►
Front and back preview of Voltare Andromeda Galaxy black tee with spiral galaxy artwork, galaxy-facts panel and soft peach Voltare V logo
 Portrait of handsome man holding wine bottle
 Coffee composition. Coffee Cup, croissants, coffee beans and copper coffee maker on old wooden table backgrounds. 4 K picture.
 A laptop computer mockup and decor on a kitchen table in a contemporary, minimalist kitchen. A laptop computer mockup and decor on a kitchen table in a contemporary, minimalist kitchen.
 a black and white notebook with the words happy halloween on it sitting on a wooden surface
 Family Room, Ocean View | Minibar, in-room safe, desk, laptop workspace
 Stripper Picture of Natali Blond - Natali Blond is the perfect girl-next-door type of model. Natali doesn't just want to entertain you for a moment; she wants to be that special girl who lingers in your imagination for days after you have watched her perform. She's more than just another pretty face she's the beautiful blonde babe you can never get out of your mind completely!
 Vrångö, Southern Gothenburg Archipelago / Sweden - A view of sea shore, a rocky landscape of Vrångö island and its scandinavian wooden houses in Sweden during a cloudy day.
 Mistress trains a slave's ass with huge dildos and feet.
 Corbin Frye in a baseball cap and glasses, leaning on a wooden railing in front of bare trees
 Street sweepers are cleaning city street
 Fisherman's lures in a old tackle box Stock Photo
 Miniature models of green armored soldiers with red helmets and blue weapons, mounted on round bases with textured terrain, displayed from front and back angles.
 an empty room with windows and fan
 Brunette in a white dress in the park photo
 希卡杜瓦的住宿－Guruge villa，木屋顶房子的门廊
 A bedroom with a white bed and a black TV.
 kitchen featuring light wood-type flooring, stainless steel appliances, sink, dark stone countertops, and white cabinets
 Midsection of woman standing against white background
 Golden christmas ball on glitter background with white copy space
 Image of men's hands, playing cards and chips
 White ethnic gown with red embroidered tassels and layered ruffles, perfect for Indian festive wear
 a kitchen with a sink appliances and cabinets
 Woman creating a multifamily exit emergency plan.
◄
Give back exactly the lines from the first line of the records through the line holding "Image of men's", including both of those lines and leaving out all others.

### Solution
Front and back preview of Voltare Andromeda Galaxy black tee with spiral galaxy artwork, galaxy-facts panel and soft peach Voltare V logo
 Portrait of handsome man holding wine bottle
 Coffee composition. Coffee Cup, croissants, coffee beans and copper coffee maker on old wooden table backgrounds. 4 K picture.
 A laptop computer mockup and decor on a kitchen table in a contemporary, minimalist kitchen. A laptop computer mockup and decor on a kitchen table in a contemporary, minimalist kitchen.
 a black and white notebook with the words happy halloween on it sitting on a wooden surface
 Family Room, Ocean View | Minibar, in-room safe, desk, laptop workspace
 Stripper Picture of Natali Blond - Natali Blond is the perfect girl-next-door type of model. Natali doesn't just want to entertain you for a moment; she wants to be that special girl who lingers in your imagination for days after you have watched her perform. She's more than just another pretty face she's the beautiful blonde babe you can never get out of your mind completely!
 Vrångö, Southern Gothenburg Archipelago / Sweden - A view of sea shore, a rocky landscape of Vrångö island and its scandinavian wooden houses in Sweden during a cloudy day.
 Mistress trains a slave's ass with huge dildos and feet.
 Corbin Frye in a baseball cap and glasses, leaning on a wooden railing in front of bare trees
 Street sweepers are cleaning city street
 Fisherman's lures in a old tackle box Stock Photo
 Miniature models of green armored soldiers with red helmets and blue weapons, mounted on round bases with textured terrain, displayed from front and back angles.
 an empty room with windows and fan
 Brunette in a white dress in the park photo
 希卡杜瓦的住宿－Guruge villa，木屋顶房子的门廊
 A bedroom with a white bed and a black TV.
 kitchen featuring light wood-type flooring, stainless steel appliances, sink, dark stone countertops, and white cabinets
 Midsection of woman standing against white background
 Golden christmas ball on glitter background with white copy space
 Image of men's hands, playing cards and chips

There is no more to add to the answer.